O principal objetivo desta análise foi identificar concorrentes e mapear boas práticas em projetos de transformação digital em grandes empresas globais.
Foram entrevistados, nesse sentido, 50 líderes das maiores multinacionais globais sediadas nos continentes americano, europeu e asiático, dos setores de energia, óleo e gás, finanças, mineração e tecnologia. Do total das empresas pesquisadas, 15% são brasileiras.
De acordo com essa pesquisa, nos modelos de negócio B2C (business to consumer, na sigla em inglês), o processo de transformação foi acelerado pela pandemia e a grande maioria das organizações entende que essa transformação é necessária até para sobreviver.
Mas as organizações começaram com iniciativas de transformação digital fragmentadas, o que acabou por gerar um maior esforço de integração.
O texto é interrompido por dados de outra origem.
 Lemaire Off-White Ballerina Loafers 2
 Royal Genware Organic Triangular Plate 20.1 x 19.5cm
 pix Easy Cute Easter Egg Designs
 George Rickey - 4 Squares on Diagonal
Para 70% dos líderes das empresas, a transformação digital é uma possibilidade de diversificar os negócios e/ou gerar um novo modelo de negócios.
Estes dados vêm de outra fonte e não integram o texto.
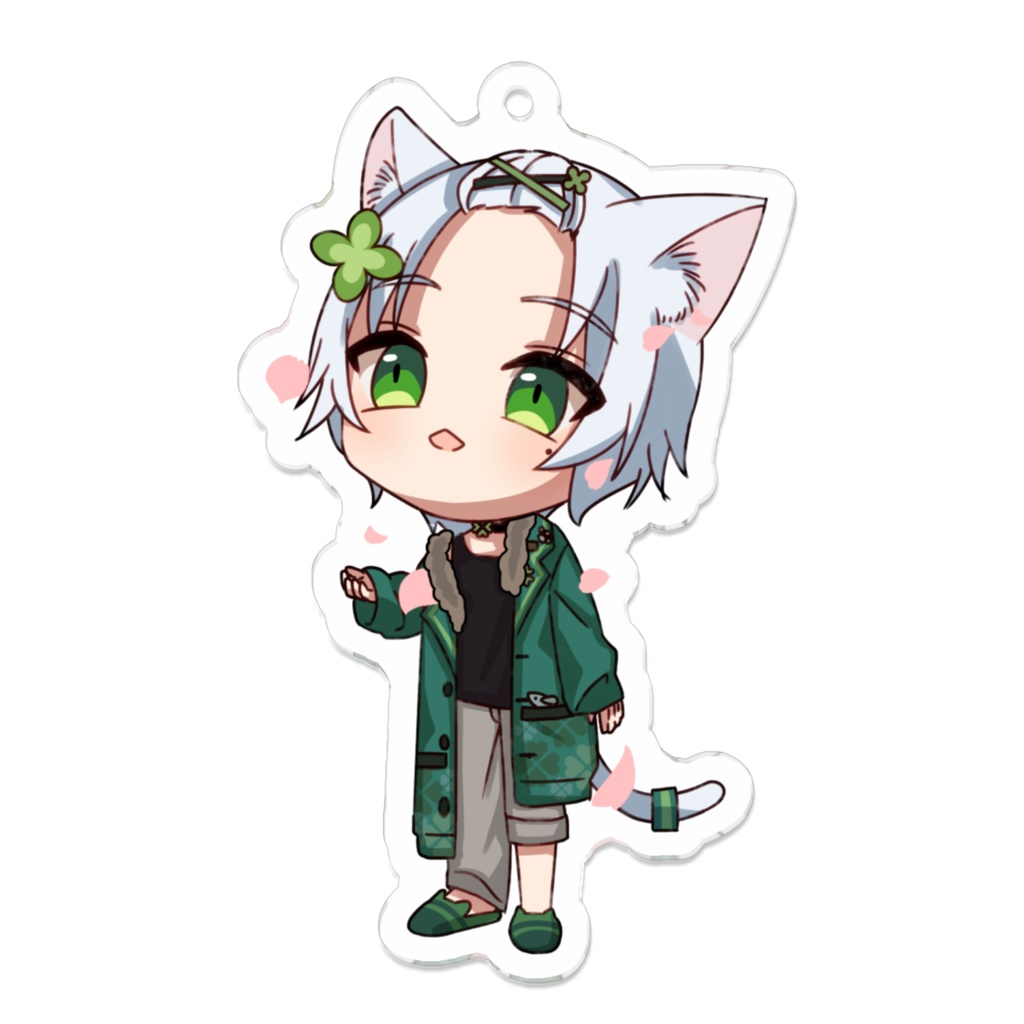 新衣装アクリルキーホルダー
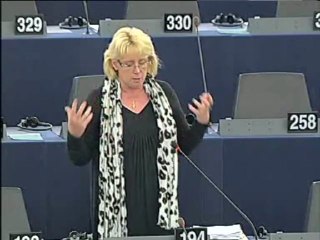 Lena Ek on External Borders of the Member States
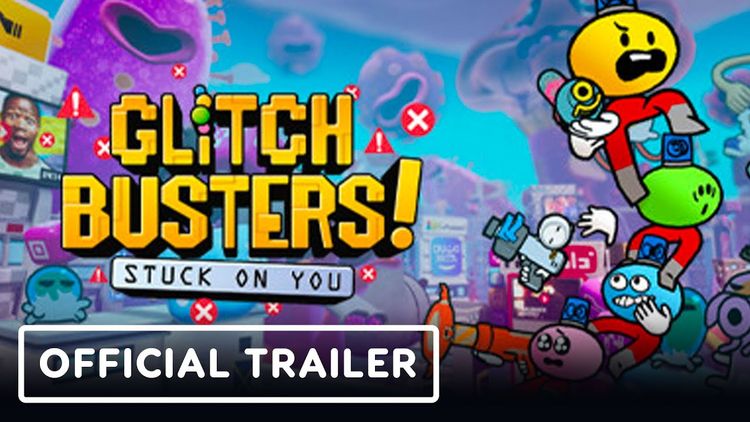 Glitch Busters: Stuck On You PC Steam CD Key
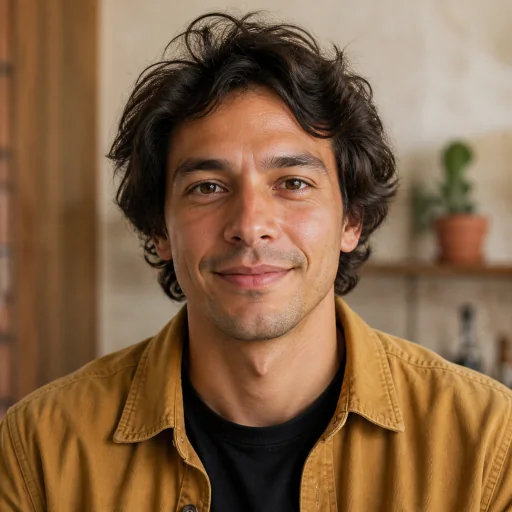 Caio Andrade · Curioso e Energético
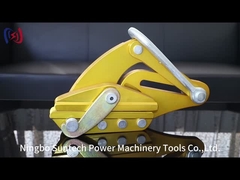 Clampe per tubi sicure e durevoli Max.Open 14-48mm Carico nominale 7-80KN per applicazioni pesanti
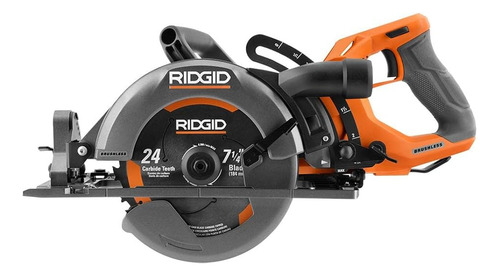 Ridgid 18v Sin Escobillas Inalámbrico 7-1/4 PuLG. Sierra Cir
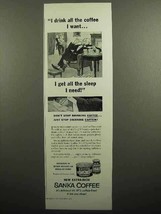 1953 Sanka Coffee Ad - $18.49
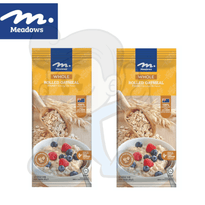 Meadows Whole Rolled Oatmeal (2 X 800G) Groceries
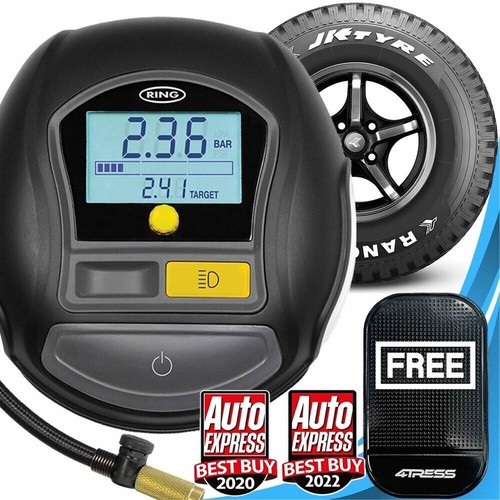 Car tyre inflator - car, rapid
Eles veem os meios tecnológicos e organizacionais como grande desafio, principalmente para escalar as soluções e descentralizar a tomada de decisão. É aí que vem a preocupação! Não é contraditório, numa era de evolução exponencial da tecnologia, este ser um dos principais desafios?
A transformação digital é sobre qualquer mudança que coloca o ser humano no centro de tudo, e a tecnologia é a viabilizadora dessa revolução e não o contrário.
Talvez a principal questão da transformação digital seja mais a mudança de mindset em toda a organização do que uma revolução propriamente dita.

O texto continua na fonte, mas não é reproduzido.